La destra religiosa occupa spazi, apre centri di preghiera e di indottrinamento, diffonde massicciamente un sistema radiotelevisivo organizzato quasi militarmente. Insomma, essa apre varchi ovunque, dilagando nelle coscienze della gente semplice e soprattutto facendo il gioco dei padroni di sempre.
La fine della sinistra e i colpi di Stato senza carri armati
In questa crisi la sinistra è caduta rovinosamente dentro le proprie contraddizioni, si è lasciata corrompere proprio dal sistema che aveva combattuto lungamente e adesso è affonnosamente in difesa di sé stessa. Il popolo l’ha lasciata e si sta consegnando nelle mani di chi lo aveva sempre sfruttato e manipolato.
L’analisi di Leonardo Boff, ripresa generosamente dal progressista «Jornal do Brasil», rivela impietosamente il dramma politico-sociale presente e oggi la sinistra si riscopre afasica e senza strategie. Non a caso sta tentando la carta, dopo la destituzione di Dilma, di elezioni anticipate, a seguito di una disperata modifica costituzionale, con un voto nel prossimo ottobre e con la ricandidatura di Lula.
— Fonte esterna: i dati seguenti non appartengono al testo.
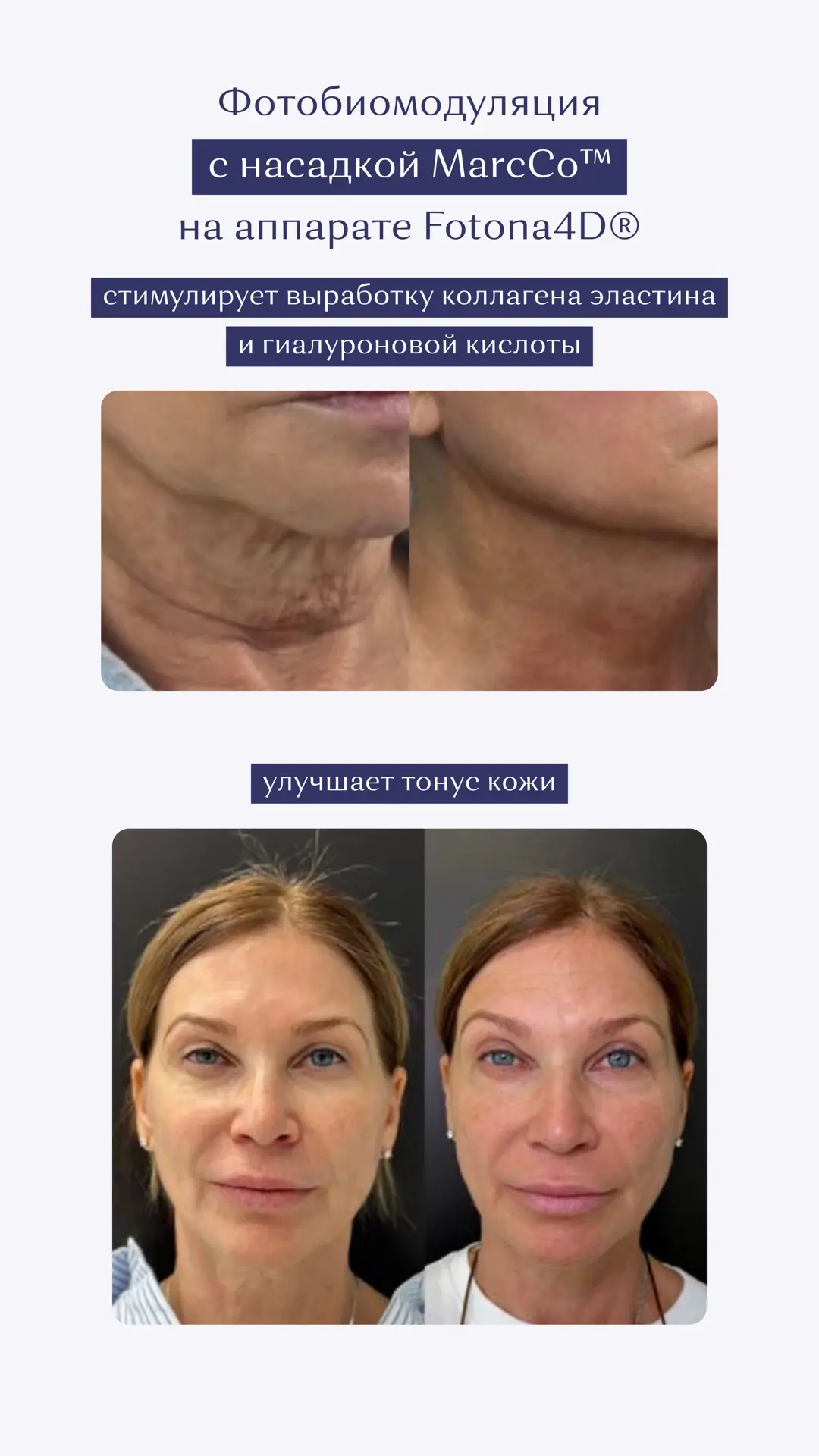 ФОТОНА 4D – НОВАЯ ТЕХНОЛОГИЯ В ПОСОЛЬСТВЕ КРАСОТЫ 👏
La destra sta pensando di arricchire questa modifica con il divieto alla rielezione degli ex-presidenti, affossando in questo modo anche l’ormai stanco Lula, addirittura umiliato da un oscuro giudice paulista, Sérgio Moro, e tradotto obbligatoriamente in un commissariato della polizia federale per rispondere di presunti abusi finanziari di suoi familiari.
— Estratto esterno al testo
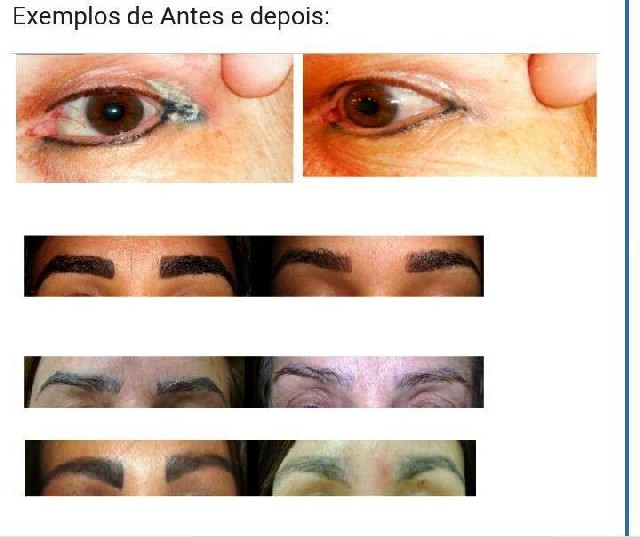 Despigmentação
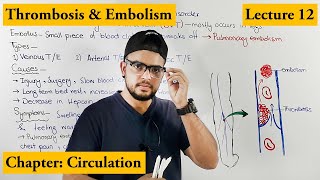 Thrombosis amp Embolism Cardiovascular Disorder  Chapter circulation  Video  12 [upl. by Darwin]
D’altro canto la candidatura di Lula è il segno di una disperazione elettorale di una sinistra che sta affogando in un sistema politico, che sta a sua volta affogando e che corre il rischio concreto di restare senza la prima, la seconda e la terza carica della Repubblica Federativa.
Come è facile comprendere, in altri tempi un colpo di Stato militare avrebbe rapidamente risolto ogni instabilità, con tanto di carri armati per le strade, mentre oggi il sistema neoliberale si è affinato e non ha bisogno di «putsch» cruenti. Può tranquillamente organizzare e mettere in atto colpi di Stato senza carri armati.
È ormai tutta l’America Latina a essere attraversata da questo vento di rivincita delle «destre eterne».
Un insegnamento radicale
Da tutto ciò traggo un insegnamento radicale, che mi comunica alcune verità profonde: il neoliberalismo è un sistema di morte, la democrazia rappresentativa ha subìto un attacco sanguinoso da parte di questo capitalismo innamorato della morte e soprattutto la tanto agognata rivoluzione ha bisogno di nuovi processi, che non sono più quelli delle lotte di liberazione romantiche di un tempo e dei loro linguaggi stantii, ma di un’educazione politica collettiva e di partiti politici che, dopo avere elaborato progetti di sviluppo, li attuino in profondità e non si nascondano dietro una pur lodevole e semplice iniziativa sociale.
Tutto ciò non è più sufficiente e il sistema delle destre eterne va sconfitto sul serio.